▶ **Dataset**:
◆ ◆ ◆

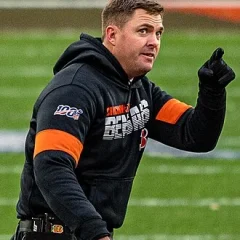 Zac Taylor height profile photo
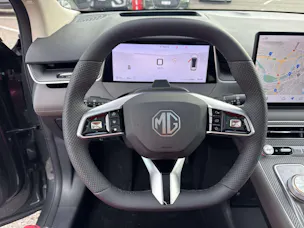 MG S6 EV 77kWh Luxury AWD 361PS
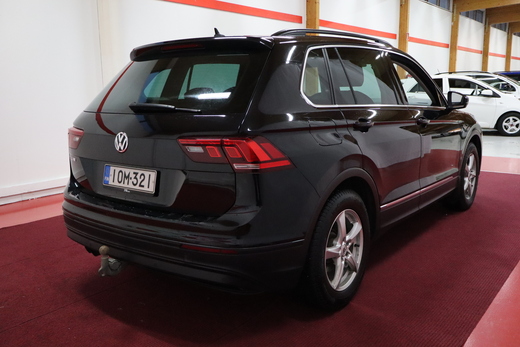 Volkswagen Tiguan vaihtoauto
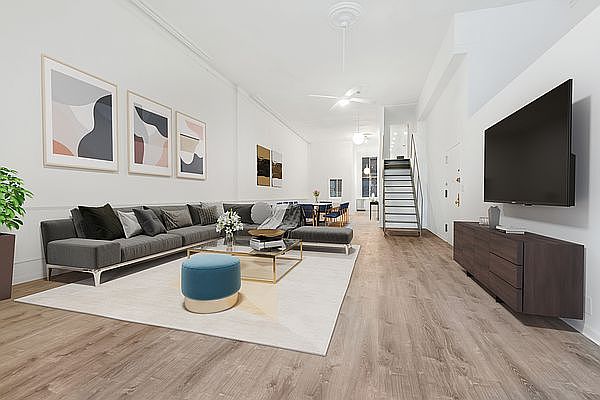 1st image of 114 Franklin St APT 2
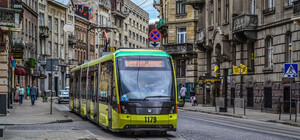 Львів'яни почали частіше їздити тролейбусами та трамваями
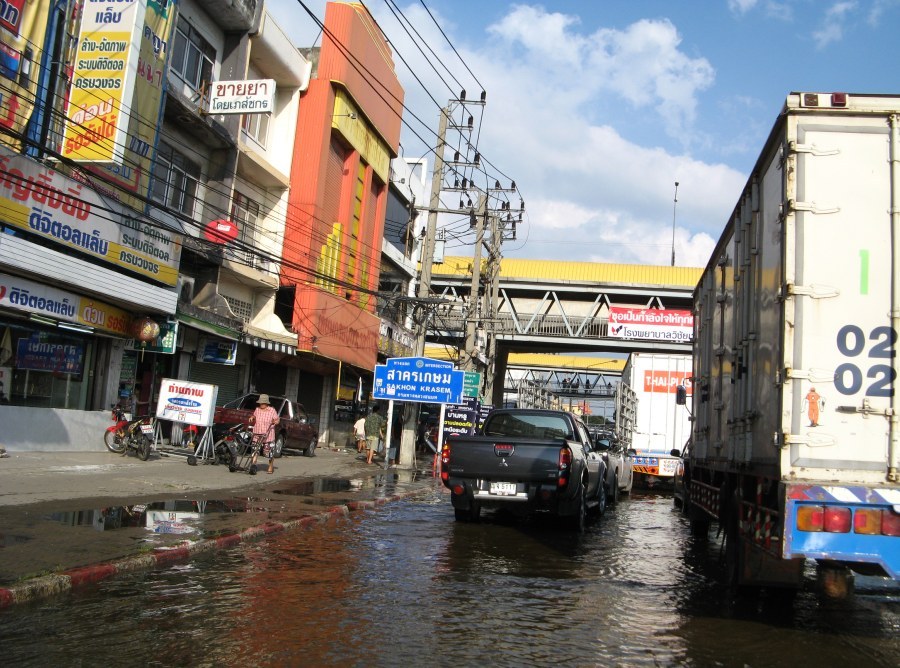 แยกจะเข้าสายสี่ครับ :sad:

◆ ◆ ◆

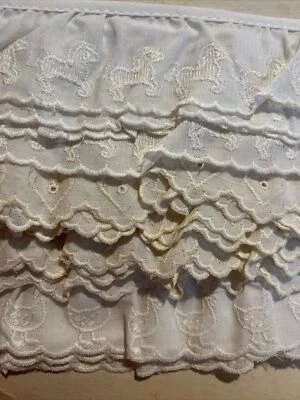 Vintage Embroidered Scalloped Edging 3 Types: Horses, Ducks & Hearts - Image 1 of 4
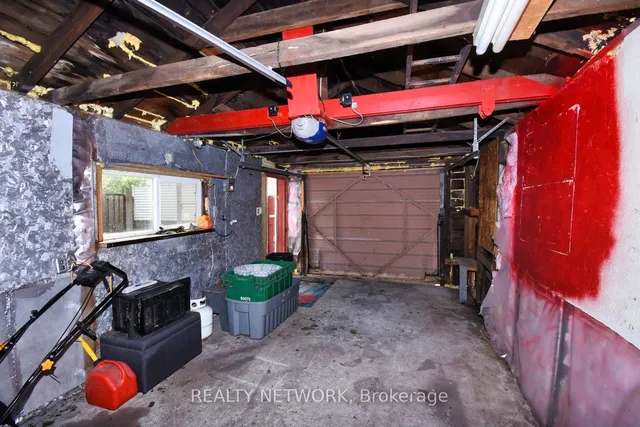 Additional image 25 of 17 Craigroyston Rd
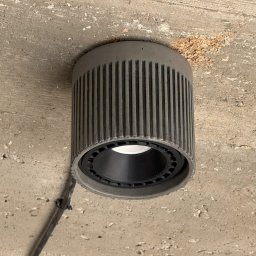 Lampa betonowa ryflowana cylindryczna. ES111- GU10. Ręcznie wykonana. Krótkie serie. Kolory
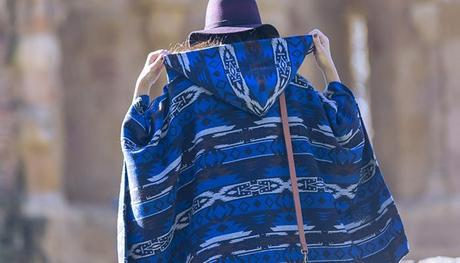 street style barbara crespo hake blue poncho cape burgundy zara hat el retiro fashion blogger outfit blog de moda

◆ ◆ ◆

▶ **Exercise brief**:
Word for word, repeat the lines above from the one with "Lampa betonowa ryflowana" through the one with "street style barbara", and nothing beyond them. Omit the pictures.

▶ **Reply**:
 Lampa betonowa ryflowana cylindryczna. ES111- GU10. Ręcznie wykonana. Krótkie serie. Kolory
 street style barbara crespo hake blue poncho cape burgundy zara hat el retiro fashion blogger outfit blog de moda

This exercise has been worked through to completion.